New Momentum on Enlargement?
Hungary’s new government-to-be is good news across many headings. Anything not welcome by the Trump and Putin twins is a big plus, given the disastrous US/Israeli war in the Middle East, and especially for Ukraine in the face of Russia’s ongoing war.
Orbán had, of course, been determinedly blocking Ukraine’s progress in EU accession talks. Magyar is not expected to be pro-Ukraine’s rapid accession – but nor are many other EU states. But if accession talks can now go forward across different areas, that will be a real plus.
The wider problem with the EU’s enlargement process is the sense that it has stalled through lack of political will and a range of obstacles that loom ahead. Montenegro and Albania are leading the current set of EU accession candidates. But given that France has to either have a referendum or get a two-thirds majority in parliament for a new accession, this is unlikely to happen any time soon. Other member states’ politics and elections will play into this too.
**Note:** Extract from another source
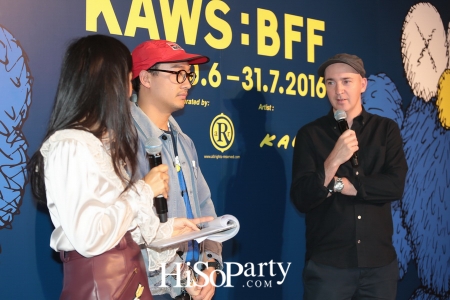 เปิดนิทรรศการ ‘KAWS:BFF’ ครั้งแรกในโลกที่ไทย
Once seen as the most powerful foreign policy tool in the EU’s remit, enlargement has slowed to a bureaucratic and political crawl. And as we’ve seen with Ukraine, the EU’s leaders are not up for the proposal of Commission president, Ursula von der Leyen, to speed up Ukraine’s accession for political and strategic reasons.
EU Foreign Policy in the Era of Trump
Looking at broader geopolitics, the EU has, in many ways, been reduced to the role of bystander as Trump upends the international order and initiates conflicts and wars around the globe. And even before Trump’s second term, the EU was on the back foot as Israel continued its genocide in Gaza and now carries on with its forever wars, this time against Iran and Lebanon, mostly in lockstep with Trump.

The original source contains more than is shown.